Presenter: Dr. Noah W. Palm, Yale University School of Medicine
Presentation Title: Exploiting the immune response to illuminate host-microbiota interactions
Abstract: The composition of the gut microbiota is thought to have dramatic effects on the development and progression of a variety of diseases, including Inflammatory Bowel Disease (IBD), autoimmunity, and metabolic syndrome. However, identifying the specific bacteria that preferentially affect disease susceptibility and severity in humans remains a major challenge. In response to this problem, we developed a novel technology that uses the host’s own immune response to the microbiota as a guide to identify specific members of the gut microbiota that preferentially modulate disease development. This approach specifically identified known disease-causing intestinal bacteria in a mouse model of microbiota-driven colitis. Furthermore, we were able to use this approach to identify specific bacterial strains from IBD patients that selectively conferred susceptibility to severe colitis when transplanted into germ-free mice.

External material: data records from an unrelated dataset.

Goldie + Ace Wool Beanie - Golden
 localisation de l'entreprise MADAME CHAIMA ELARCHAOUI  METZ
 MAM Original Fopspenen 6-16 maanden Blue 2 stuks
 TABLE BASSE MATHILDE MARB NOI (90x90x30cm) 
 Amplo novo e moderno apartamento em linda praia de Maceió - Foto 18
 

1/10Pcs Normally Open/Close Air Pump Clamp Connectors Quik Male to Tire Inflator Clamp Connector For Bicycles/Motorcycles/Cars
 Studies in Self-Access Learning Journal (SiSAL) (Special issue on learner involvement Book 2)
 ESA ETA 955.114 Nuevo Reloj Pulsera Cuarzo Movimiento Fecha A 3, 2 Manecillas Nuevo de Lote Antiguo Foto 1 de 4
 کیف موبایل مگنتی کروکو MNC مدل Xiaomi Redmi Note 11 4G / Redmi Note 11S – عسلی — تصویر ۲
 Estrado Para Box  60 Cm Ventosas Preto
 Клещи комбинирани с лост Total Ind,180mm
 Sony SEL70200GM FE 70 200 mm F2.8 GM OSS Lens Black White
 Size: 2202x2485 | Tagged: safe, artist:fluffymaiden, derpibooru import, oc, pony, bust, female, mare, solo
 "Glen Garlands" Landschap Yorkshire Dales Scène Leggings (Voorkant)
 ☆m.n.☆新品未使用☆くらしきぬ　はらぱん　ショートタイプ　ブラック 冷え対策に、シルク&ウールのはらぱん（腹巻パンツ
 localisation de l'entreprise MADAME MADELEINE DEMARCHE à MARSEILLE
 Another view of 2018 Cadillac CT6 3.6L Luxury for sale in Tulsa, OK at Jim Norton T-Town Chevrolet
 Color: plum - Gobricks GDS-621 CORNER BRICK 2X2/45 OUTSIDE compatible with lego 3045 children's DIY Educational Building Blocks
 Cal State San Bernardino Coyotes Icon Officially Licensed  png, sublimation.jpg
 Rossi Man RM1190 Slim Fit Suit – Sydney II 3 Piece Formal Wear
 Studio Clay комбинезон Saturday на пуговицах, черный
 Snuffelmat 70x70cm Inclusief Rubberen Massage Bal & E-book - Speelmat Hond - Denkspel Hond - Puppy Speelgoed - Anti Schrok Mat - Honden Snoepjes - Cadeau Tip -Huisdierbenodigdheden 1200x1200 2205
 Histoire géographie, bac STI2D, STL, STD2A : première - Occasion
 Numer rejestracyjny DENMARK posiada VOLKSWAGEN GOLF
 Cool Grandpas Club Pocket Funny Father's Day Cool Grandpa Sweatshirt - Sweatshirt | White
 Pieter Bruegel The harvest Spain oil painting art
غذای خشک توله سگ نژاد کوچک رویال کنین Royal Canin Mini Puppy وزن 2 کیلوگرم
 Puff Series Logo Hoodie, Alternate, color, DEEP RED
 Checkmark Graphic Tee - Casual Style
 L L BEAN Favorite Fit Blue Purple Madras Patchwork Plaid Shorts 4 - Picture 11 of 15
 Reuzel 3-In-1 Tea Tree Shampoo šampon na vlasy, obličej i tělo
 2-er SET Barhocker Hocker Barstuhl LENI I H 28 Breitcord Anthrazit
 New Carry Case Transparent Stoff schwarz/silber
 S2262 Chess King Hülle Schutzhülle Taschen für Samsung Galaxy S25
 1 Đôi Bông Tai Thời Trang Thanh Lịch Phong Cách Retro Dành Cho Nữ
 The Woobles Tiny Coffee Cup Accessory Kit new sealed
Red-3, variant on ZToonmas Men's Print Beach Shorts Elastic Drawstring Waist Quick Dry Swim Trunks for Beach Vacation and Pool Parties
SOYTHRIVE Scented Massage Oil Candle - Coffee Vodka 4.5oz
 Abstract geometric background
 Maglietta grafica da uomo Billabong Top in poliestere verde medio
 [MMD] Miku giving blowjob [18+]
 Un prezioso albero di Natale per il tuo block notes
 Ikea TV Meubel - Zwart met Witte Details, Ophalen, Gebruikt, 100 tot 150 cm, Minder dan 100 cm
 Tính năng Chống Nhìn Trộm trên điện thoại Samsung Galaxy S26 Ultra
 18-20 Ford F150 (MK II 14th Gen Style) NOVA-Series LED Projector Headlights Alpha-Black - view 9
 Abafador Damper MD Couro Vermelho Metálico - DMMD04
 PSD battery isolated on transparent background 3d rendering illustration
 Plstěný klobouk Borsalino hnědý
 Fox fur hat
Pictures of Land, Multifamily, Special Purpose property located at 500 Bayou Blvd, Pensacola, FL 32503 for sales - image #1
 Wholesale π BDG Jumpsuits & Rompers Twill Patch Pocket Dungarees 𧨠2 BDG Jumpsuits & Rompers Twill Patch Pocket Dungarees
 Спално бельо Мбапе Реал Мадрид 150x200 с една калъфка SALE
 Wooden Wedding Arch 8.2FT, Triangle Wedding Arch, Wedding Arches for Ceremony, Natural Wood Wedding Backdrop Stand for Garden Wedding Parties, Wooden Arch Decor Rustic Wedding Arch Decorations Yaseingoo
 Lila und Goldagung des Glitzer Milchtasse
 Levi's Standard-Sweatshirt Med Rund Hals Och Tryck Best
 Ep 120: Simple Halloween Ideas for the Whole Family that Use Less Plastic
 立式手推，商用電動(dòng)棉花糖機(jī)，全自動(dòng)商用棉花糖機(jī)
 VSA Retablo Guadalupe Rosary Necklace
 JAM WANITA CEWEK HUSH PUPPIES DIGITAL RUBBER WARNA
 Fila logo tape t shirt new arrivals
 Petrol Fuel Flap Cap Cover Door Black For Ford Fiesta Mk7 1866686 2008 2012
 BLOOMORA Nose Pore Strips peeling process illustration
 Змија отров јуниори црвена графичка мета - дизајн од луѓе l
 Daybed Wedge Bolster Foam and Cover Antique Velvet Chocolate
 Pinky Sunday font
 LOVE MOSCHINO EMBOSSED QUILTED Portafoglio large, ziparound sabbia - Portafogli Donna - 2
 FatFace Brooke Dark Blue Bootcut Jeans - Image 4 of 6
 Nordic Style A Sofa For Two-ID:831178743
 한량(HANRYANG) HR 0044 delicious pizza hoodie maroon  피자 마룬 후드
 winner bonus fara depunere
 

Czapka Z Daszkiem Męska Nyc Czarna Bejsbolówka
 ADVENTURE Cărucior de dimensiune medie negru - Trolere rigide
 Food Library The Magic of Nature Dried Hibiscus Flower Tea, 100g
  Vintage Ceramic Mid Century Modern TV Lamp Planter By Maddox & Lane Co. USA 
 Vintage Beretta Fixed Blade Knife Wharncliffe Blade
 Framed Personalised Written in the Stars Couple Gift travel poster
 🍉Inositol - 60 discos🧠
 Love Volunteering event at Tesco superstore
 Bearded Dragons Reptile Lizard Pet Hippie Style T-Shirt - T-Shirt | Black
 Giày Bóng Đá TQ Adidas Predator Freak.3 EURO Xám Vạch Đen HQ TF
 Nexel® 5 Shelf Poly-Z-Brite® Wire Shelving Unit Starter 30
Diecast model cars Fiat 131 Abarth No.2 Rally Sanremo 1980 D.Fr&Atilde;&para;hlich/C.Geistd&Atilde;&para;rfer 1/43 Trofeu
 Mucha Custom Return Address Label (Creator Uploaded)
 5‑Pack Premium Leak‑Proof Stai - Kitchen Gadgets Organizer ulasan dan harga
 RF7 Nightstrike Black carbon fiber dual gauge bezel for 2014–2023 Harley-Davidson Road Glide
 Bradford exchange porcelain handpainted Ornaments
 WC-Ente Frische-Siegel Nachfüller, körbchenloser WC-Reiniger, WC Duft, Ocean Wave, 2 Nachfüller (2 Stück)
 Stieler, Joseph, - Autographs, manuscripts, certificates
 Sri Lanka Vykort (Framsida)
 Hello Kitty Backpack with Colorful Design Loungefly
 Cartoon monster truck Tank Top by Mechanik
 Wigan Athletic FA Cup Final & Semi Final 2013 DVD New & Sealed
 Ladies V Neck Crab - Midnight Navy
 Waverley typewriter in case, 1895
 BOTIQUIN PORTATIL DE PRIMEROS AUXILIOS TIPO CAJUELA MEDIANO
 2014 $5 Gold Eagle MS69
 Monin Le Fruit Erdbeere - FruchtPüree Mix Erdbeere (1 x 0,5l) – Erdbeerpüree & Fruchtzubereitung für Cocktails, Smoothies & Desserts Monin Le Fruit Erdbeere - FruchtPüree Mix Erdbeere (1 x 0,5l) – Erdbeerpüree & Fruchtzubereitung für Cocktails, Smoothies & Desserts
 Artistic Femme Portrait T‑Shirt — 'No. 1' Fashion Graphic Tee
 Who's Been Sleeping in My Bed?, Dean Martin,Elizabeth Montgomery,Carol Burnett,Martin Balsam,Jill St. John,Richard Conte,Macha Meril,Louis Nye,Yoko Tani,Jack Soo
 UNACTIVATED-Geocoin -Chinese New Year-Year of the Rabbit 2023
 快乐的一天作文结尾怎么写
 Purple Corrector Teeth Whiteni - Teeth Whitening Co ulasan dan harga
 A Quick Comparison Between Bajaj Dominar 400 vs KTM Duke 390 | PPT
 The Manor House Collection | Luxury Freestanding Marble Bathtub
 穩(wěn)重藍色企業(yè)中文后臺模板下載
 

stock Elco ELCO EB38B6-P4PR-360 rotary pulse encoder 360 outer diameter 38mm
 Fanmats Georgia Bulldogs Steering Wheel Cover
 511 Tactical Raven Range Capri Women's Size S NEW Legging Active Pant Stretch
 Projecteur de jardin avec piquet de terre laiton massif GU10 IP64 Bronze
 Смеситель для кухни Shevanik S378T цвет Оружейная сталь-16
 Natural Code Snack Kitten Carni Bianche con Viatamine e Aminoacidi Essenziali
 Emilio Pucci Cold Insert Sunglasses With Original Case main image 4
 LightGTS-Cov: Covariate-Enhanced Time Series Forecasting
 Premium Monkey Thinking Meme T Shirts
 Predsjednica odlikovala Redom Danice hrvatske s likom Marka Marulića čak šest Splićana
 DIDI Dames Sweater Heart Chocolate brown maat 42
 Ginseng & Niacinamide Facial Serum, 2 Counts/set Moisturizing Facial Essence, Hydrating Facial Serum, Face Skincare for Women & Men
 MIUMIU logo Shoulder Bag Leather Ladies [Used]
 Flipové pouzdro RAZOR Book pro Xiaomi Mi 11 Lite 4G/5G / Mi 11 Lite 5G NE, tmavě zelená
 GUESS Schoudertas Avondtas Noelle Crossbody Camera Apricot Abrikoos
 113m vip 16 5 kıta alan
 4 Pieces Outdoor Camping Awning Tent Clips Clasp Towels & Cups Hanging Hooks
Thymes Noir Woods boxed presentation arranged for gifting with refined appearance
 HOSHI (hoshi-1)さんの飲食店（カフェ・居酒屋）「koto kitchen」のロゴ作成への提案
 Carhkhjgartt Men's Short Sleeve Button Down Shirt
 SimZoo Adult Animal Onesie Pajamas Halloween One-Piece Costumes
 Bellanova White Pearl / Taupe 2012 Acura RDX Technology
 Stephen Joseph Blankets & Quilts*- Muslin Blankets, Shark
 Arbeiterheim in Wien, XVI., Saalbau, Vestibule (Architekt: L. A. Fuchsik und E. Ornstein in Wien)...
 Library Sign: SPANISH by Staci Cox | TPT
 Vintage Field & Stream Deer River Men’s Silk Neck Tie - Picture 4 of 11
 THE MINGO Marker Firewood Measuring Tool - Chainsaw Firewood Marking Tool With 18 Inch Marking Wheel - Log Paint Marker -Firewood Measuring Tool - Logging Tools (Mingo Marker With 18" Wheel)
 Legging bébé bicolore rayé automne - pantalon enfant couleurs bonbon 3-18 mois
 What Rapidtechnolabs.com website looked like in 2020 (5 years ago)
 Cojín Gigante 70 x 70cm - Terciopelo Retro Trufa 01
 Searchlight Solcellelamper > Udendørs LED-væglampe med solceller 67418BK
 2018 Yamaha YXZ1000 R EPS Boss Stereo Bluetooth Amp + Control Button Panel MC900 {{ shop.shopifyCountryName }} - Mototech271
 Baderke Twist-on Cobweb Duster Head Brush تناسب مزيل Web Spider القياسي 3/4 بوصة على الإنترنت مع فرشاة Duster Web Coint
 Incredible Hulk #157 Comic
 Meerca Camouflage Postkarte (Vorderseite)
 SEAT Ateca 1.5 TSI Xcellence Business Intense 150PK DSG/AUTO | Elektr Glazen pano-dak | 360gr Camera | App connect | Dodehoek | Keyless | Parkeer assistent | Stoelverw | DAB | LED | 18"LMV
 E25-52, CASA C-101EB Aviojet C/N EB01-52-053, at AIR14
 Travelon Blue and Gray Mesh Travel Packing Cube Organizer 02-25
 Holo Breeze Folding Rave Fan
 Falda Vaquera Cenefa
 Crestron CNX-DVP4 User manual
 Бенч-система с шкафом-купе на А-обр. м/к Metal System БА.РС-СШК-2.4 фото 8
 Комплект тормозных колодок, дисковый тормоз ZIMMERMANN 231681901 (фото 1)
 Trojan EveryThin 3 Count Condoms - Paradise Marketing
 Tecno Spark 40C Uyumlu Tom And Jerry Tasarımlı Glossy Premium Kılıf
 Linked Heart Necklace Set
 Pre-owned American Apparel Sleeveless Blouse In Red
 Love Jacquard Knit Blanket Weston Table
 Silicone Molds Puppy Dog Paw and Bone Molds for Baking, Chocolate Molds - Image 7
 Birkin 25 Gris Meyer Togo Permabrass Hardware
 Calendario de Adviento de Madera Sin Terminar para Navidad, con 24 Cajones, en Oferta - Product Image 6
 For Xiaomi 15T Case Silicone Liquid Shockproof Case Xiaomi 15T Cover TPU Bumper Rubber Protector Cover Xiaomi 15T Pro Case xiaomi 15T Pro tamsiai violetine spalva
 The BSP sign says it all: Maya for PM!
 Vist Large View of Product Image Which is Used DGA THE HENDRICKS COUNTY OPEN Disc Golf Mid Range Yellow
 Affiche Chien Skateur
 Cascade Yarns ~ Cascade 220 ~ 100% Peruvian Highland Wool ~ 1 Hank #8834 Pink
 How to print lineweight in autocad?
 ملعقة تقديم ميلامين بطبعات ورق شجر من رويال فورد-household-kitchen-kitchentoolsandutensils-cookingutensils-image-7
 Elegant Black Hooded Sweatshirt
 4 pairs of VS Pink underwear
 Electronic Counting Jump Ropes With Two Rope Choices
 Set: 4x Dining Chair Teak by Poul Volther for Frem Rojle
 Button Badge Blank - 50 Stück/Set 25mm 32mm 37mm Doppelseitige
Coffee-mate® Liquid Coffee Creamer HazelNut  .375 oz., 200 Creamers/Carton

Presenter: Dr. Randi Lundberg, Taconic Biosciences
Presentation Title: The gut immune response in germ-free C57BL/6 mice colonized with a human microbiota
Abstract: Human microbiota-colonized mice are widely used as models for exploring the role of the microbiome in human health and disease. Though the approach has been very effective in identifying causality between certain enterotypes or specific organisms and a disrupted health state, e.g. obesity, the human microbiota-colonized mice are reported to have important limitations. Compared to the human donor material, it has been reported that only around 70% of the taxa on a species level was able to colonize the germ-free murine host, whereas this was 93% for mice colonized with a murine microbiota. In the work presented here, we investigated if altering a common rodent diet to resemble a healthy human diet could enhance the colonization in germ-free mice colonized with human gut microbiota, and in the gnotobiotic offspring. Furthermore, we examined the effect on the immune response.
Presenter: Dr. Tamara Goode, Director, Animal Models Core, University of Pennsylvania
Presentation Title: Unique characteristics of germ-free mice
Abstract: Germ-free mice not only require special care and handling, but also vary from conventional mice across a range of anatomical and physiological parameters. Learn about these unique characteristics as well as some best practices for experiments involving germ-free mice.
Presenter: James Vitale, Taconic Biosciences
Presentation Title: Microbiome Matters
Abstract: James Vitale provides a synopsis of the meeting and closing statements.